Graph Distance Based on Cause-Effect Estimands with Latents
Zhufeng Li, Niki Kilbertus
TL;DR
The paper tackles evaluating causal graphs under latent confounding by introducing Fixing Identification Distance (FID), an estimand-based distance for acyclic directed mixed graphs (ADMGs). FID combines a fixing-based identification strategy with a canonicalization step and a symbolic verifier to compare how two graphs imply different cause-effect estimands, such as $p(y \mid do(t))$, across a set of treatment-outcome pairs. It defines directional, normalized, and symmetrized variants, enabling assessment of causal discovery methods and robustness of downstream causal conclusions. Empirical results on simulated ADMGs show FID behaves coherently under perturbations and provides complementary information to traditional distances like SHD and SD, including extensions to CPDAGs via a range approach.
Abstract
Causal discovery aims to recover graphs that represent causal relations among given variables from observations, and new methods are constantly being proposed.
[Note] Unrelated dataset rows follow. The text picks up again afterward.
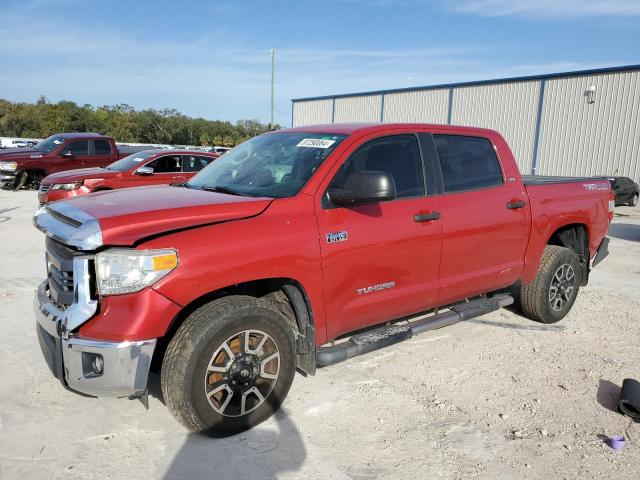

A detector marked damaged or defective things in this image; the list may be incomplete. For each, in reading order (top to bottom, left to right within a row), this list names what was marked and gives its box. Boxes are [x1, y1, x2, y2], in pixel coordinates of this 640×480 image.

crumpled hood [43, 168, 112, 185]
crumpled hood [46, 185, 272, 248]
damaged front bumper [34, 280, 156, 400]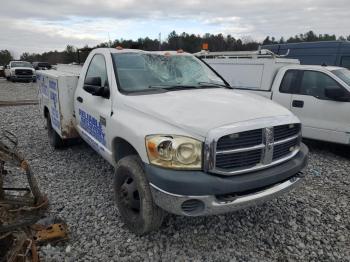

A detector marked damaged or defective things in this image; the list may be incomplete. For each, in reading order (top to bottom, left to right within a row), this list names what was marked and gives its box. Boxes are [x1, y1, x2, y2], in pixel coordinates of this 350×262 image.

damaged vehicle [37, 48, 308, 234]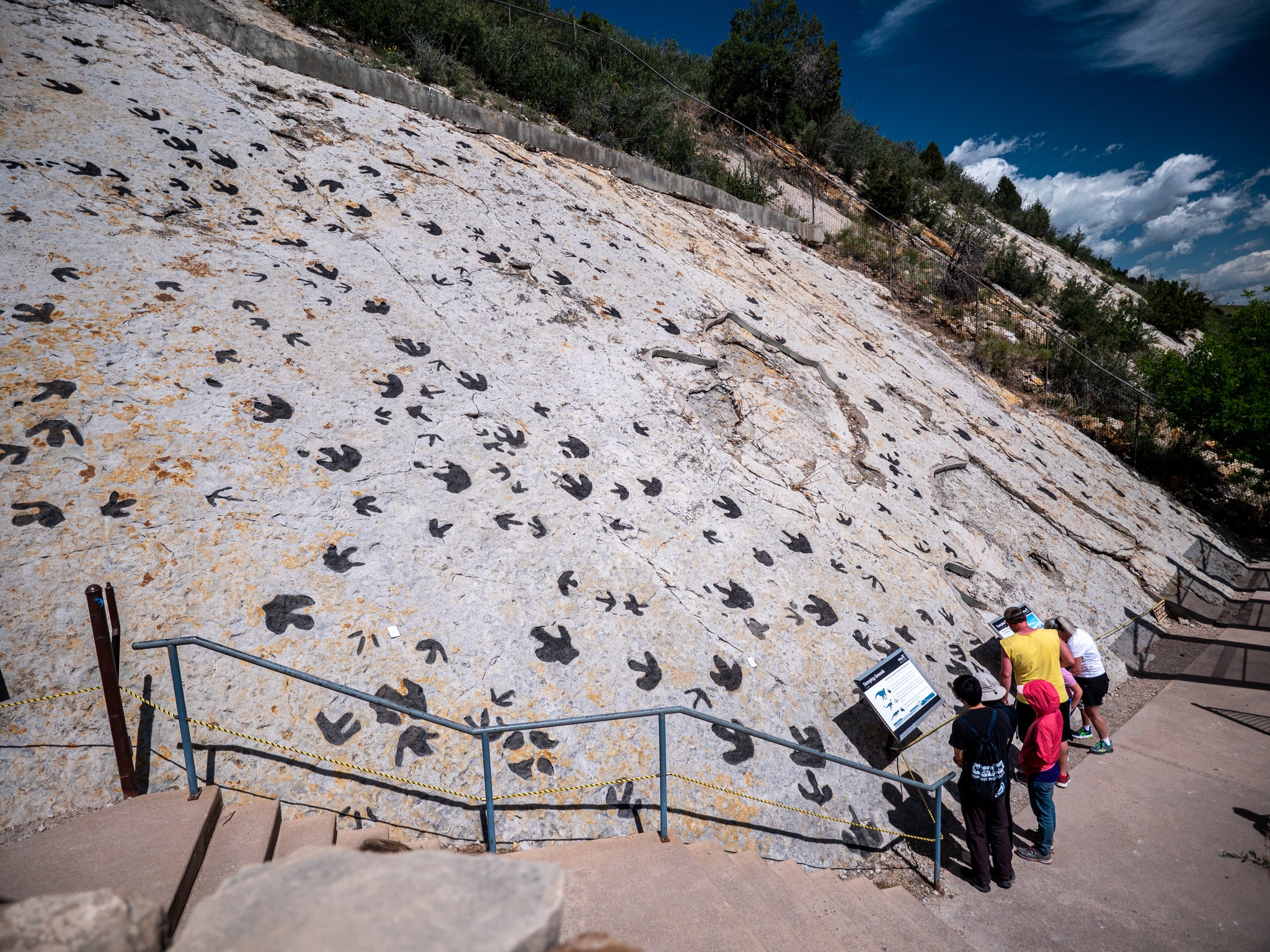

Increasingly, the community raises questions about how much progress is made, because properly evaluating discovered graphs remains notoriously difficult, particularly under latent confounding. We propose a graph distance measure for acyclic directed mixed graphs (ADMGs) based on the downstream task of cause-effect estimation under unobserved confounding. Our approach uses identification via fixing and a symbolic verifier to quantify how graph differences distort cause-effect estimands for different treatment-outcome pairs. We analyze the behavior of the measure under different graph perturbations and compare it against existing distance metrics.